Once you get to the park stop at the visitor’s center for where to go of interest to you. On several occasions, we have found places to go we did not know about from just asking for different hikes or drives.

One of the places everyone likes is Bear Lake and we always go there. This time we stopped at Sprague Lake, which is before Bear Lake, and we really liked it. With the background of the mountains, it makes it very picturesque. Sprague Lake is 8,710 feet and has several hiking trails starting from it – some short and some moderate. You also can just walk around the lake, which is easy and peaceful.

Estes Park Picture

Looking down on Estes Park with Rockies in background.

Bear Lake also has many trails. The easiest is Nymph Lake Trail and to Alberto Falls. The others are harder and they are: Emerald Lake, Lake Mills and Flattop Mountain.

Trail Ridge Road of course if everyone’s destination. (You start at either Estes Park side or Grand Lake on the other side of the mountain.) It is a wonderful drive, 50 miles that goes through the park to the top – “the land above the trees” down the other side.

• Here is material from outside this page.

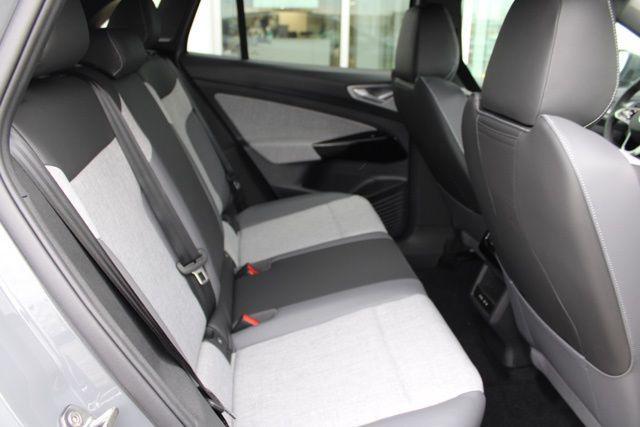 new 2025 Volkswagen ID.4 car, priced at $41,005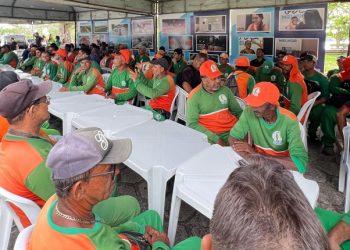 Café da manhã no Parque Belvedere celebra Dia do Gari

Trail Ridge RD, Rocky Mountain National Park

Trail Ridge Road - was snow up there yet in June.

It is the highest continuous paved highway in the United States. Trail Ridge Road reaches eleven miles above the tree line – 12,183 feet above sea level. It will take you three to four hours because of all the stopping you will want to do.

If you started at Estes Park then you will end up at The Village of Grand Lake. You will find all the outdoor activities you want wit campgrounds and motels.

There is also the Old Fall River Road, which is a one-way, winding, steep, dirt road that is nine miles long. It has marvelous scenery and you will see Chasm Falls.

There are so many places to go – like:

  • Lily Lake – where you can take a nice leisurely walk around the lake
  • Wild Basin Area – lovely expanse of sub alpine forest with stream and a lake, which is in the southwest part of the park.
  • Longs Peak – the highest peak in the park and the toughest to climb.
  • Lava cliffs
  • Rainbow Curve – panoramic views r4om Longs Peak to Mummy Range
  • Moraine Park – wide-open plains carved by glaciers.
  • Horshoe Park – Alluvial Fan – In 1982 a dam on Lawn Lake at 11,000 feet broke releasing about 228 million gallons of water, which surged down the mountain. It continued to Estes Park and the Big Thompson causing destruction along the way. It went through Horseshoe Park and left many big rocks but also the river comes down there with a neat waterfall. There is a bridge to walk across the smaller part of the river and places to put your feet in the water. It seems to be a popular destination.

    Of course, it is great to happen upon an animal like moose, elk, mule deer or bighorn sheep. There are a small number of black bears in the park and mountain lions but they are rarely seen. But whatever you see is exciting because where else would you see animals in their natural habitat but a national park?